» Extracted data entries

◆ ◆ ◆ ◆ ◆ ◆ ◆

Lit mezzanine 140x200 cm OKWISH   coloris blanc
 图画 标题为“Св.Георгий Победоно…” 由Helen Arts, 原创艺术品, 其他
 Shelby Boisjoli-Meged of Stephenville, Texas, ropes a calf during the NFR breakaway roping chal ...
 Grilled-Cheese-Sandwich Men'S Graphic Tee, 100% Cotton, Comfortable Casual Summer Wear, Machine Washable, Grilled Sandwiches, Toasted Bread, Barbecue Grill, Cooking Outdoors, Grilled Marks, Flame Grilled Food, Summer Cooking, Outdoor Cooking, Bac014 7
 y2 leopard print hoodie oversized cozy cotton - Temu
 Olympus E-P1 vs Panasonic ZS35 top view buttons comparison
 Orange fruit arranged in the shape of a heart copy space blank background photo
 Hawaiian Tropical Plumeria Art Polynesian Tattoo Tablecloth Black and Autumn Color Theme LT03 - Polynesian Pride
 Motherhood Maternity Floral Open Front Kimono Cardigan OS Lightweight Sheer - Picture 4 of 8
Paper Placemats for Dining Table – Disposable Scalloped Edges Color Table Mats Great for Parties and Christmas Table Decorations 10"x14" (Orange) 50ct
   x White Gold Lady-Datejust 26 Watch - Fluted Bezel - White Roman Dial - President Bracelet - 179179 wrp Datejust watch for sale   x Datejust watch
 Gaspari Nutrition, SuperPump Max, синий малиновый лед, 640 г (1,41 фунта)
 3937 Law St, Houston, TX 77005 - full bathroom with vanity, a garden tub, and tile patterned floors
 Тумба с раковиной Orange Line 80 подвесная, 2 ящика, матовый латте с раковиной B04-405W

◆ ◆ ◆ ◆ ◆ ◆ ◆

» YOUR OBJECTIVE
Your task is to restate, word for word, each line from the one that includes "3937 Law St, Houston, TX" to the end of the records, with both ends included and nothing else.

» EXERCISE ANSWER
 3937 Law St, Houston, TX 77005 - full bathroom with vanity, a garden tub, and tile patterned floors
 Тумба с раковиной Orange Line 80 подвесная, 2 ящика, матовый латте с раковиной B04-405W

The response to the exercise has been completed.